RG: I think the representation does need some changing. We’re seeing a lot of stories come out of the specialty coffee industry right now that are exposing some of the ownership related issues. But there are also some really good companies full of enterprising young Black men and women, starting their own independent cafés and getting their own marketing message. I think that definitely on the upper level of importers, it’s still very corporate, and maybe not as inviting. We’re seeing folks who’ve had some bad experiences with companies that they went to and felt that they were dealing with some overt instances of racism in terms of commentary or perhaps job promotion.
In the Hawai‘i coffee community, it’s always been pretty diverse, pretty open—it’s a lot of former sugar cane workers as the base of the coffee industry. I think land ownership and small farm ownership is an issue here, but I think that goes across the board.
Reading about the cafés and racism on the Mainland is like, Wow, that’s a problem. The specialty coffee industry is, especially the past 10 years, it’s very weird. It’s kind of hipsterish. I think we need more different cultures and people of different ethnicities and races to get their own foothold and put their own imprint on the industry. It was interesting to see when we first got into it, coming out of local newsrooms for 10 years and then you’re all of a sudden dealing with the hipster culture.
HM: How so? What was it like?
RG: This is 2010, 2011, and all of a sudden, it’s suspenders and beards and glasses and all the craft beers and all that kind of stuff. Before, I wasn’t in the specialty coffee shops—the most I would do is go to Starbucks, maybe, for the wi-fi. So it was a totally different culture that I’m stepping into. It was interesting to observe while at the same time learning about the coffee itself. There’s a big difference between the culture of the baristas and importers and the producing countries and the processes and the labor there. There’s a split in that sense of who’s growing and picking the coffee and who’s roasting and serving. But I would say that’s beyond the issue of the American racial divide per se.
HM: Being in rural Pāhala on the Big Island, then, do you feel removed from the Black Lives Matter movement?
RG: I would say that we definitely feel like we’re still in the midst of it—just in a different way. We are having a lot of open talks with friends who maybe didn’t talk about this subject before, which is good, because we can explain, beyond the very visceral and easy to see on a video camera version of police brutality, which is obviously terrible, there are also different aspects of systemic racism. The history of redlining, for instance, or talking about how maybe it’s a little harder to get a home loan or things like that.
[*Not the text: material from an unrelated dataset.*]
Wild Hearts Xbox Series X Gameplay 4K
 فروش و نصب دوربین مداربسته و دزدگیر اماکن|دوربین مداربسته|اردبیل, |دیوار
I had a story about my education when I was younger that surprised friends that I grew up with, about how much my mother had to fight to keep me in the honors classes. We had moved from New Orleans to Baltimore and the testing, I think, should have put me in the honors track but the school preferred to put me in the standard track. It’s just a fight that my other friend, who was in the same classes as me, never had to have.
So now we’ve been able to talk and have those kinds of conversations with people because they can see or feel that something’s not right. We explain to people the subtle systemic racism—it’s not a Jim Crow law that’s in black and white. It’s a bias that sometimes you can find in a system or in people in a system that you have to be vigilant about because you may have to fight against it.
This interview has been edited for clarity and length.